For my taste, I don’t think it is the way to go. Rotational seating is much better for everyone. Ranked seating can put a great deal of undue pressure on students (and parents!). If you want to showcase an individual’s talent, hold a concerto competition, or invite one of your students to come and play a solo with the orchestra. But to rank students in such a public way is not effective—and it can never be truly accurate anyway. Side effects that I have seen over the years include students actually quitting—not the orchestra, but the violin altogether. There are other ways to keep order, provide positive motivation and encouragement, and to foster a healthy and productive amount of competitive spirit in music students.
I have two sons, aged 7 and 4 years old. My older son began violin lessons when he was 6 years old. When I asked his current teacher if I could begin my 4-year-old, she said that he was too young to begin violin lessons. What is the right age to start, and what age is too young?

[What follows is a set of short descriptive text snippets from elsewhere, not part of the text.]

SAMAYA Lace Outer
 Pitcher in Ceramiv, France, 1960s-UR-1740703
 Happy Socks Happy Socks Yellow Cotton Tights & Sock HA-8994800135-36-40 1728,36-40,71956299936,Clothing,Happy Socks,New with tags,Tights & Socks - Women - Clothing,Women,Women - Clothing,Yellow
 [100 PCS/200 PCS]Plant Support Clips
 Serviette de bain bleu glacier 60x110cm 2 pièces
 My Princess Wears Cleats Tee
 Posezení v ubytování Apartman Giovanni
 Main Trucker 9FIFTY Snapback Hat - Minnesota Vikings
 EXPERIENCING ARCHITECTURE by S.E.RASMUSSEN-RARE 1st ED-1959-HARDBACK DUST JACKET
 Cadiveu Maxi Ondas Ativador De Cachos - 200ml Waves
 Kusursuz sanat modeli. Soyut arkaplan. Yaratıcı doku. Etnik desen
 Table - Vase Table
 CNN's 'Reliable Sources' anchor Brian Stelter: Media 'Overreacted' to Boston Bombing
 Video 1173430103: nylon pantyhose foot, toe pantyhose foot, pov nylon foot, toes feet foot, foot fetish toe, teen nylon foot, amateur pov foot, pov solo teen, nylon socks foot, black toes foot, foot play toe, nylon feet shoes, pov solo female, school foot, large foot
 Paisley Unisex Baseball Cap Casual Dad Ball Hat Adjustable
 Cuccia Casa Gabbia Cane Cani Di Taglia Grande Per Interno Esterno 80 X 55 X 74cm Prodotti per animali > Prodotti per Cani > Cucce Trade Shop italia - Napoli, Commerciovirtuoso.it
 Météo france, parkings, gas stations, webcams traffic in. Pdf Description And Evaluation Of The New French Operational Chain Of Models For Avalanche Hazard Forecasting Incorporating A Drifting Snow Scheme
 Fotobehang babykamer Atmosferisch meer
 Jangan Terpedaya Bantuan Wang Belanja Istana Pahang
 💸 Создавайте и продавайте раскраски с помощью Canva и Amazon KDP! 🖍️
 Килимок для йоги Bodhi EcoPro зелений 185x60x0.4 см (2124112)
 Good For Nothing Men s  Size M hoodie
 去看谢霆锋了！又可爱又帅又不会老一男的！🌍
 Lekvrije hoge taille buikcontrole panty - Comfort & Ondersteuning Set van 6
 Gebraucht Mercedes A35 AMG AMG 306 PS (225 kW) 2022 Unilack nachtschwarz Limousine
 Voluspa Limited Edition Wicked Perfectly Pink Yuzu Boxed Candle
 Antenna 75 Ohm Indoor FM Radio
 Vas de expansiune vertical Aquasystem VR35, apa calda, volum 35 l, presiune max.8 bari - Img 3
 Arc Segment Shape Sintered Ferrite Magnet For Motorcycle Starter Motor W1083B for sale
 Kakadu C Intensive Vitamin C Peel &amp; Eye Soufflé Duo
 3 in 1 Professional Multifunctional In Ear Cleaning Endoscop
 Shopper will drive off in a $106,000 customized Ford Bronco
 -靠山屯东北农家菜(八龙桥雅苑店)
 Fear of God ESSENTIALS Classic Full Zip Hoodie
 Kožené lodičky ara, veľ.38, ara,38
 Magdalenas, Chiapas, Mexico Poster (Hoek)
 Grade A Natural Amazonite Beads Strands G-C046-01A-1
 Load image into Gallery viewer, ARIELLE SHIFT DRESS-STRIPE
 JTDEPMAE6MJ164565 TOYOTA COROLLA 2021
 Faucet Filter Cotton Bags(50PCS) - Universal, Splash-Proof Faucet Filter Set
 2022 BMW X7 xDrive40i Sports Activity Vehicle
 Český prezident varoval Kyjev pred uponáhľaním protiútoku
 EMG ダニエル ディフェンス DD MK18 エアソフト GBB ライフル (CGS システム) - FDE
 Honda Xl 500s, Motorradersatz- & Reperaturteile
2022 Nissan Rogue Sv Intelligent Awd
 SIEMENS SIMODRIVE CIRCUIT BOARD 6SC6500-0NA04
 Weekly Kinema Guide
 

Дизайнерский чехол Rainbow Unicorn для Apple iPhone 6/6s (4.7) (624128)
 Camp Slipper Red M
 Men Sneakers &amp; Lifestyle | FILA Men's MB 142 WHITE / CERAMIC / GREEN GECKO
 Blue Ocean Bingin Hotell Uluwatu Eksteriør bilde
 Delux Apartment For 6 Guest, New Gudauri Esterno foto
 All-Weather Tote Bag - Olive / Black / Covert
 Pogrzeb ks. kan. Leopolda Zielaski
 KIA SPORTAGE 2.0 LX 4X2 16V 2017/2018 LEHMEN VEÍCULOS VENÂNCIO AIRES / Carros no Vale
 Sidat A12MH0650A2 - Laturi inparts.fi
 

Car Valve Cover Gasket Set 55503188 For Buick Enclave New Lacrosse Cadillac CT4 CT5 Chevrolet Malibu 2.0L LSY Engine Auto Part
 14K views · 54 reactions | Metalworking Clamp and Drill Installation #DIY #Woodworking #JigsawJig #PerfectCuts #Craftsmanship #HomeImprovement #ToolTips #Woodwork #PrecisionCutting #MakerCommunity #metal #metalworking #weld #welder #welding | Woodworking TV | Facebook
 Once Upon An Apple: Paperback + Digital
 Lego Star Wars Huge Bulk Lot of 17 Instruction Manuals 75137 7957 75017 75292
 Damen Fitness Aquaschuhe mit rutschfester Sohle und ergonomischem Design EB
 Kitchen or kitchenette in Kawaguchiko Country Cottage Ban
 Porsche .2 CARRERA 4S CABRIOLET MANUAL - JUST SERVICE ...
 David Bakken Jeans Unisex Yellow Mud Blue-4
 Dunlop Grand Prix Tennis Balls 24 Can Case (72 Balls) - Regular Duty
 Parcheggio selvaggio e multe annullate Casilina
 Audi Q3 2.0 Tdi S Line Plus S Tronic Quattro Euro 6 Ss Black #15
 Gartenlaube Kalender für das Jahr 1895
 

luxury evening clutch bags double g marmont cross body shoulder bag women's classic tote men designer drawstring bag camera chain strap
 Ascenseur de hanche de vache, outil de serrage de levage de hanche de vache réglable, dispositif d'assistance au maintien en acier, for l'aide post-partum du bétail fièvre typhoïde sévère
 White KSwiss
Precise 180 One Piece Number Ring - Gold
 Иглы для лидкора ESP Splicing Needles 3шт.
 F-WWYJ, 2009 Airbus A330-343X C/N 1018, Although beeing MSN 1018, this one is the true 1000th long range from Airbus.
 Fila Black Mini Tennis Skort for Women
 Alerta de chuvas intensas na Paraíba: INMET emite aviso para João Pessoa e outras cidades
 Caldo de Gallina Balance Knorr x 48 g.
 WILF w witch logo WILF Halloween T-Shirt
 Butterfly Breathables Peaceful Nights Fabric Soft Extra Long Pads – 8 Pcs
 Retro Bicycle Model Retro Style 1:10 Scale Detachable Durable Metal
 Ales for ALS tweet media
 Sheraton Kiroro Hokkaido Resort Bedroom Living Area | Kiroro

This is a good question, and there are many factors to consider. First, not every 4-year-old is ready to begin learning the violin. Second, not every teacher is able to teach a 4-year-old child to play the violin. In both cases, there is nothing wrong at all. Over the years, I have taught many 4-year-olds (in addition to beginners of all ages) to play the violin, and I have also told many parents that their 4 -year-old needed some more time to mature before beginning violin lessons with me.
The right age to start is when the individual child is ready to accept direction from the teacher and is ready to take on a new activity. This does not happen at the exact same time/age for every child. The factors to consider are so numerous, I could not even be able to list them all.
Oftentimes, teachers will have a specific age groups that they feel able to teach; and this can vary from a narrow age group (4th-5th graders only for example), to a larger age group (such as Elementary School-High School). There are some teachers who do not like to teach children at all and prefer to teach at the college level and beyond exclusively. These preferences can have a lot to do with the individual teacher’s training, teaching experience, temperament, or any combination of the three. Advice: check in with your current teacher to find out if he/she would like you to wait a year or so for your son to start, or if your teacher does not teach that age group at all. This will give you a good heads-up as to how you would like to proceed!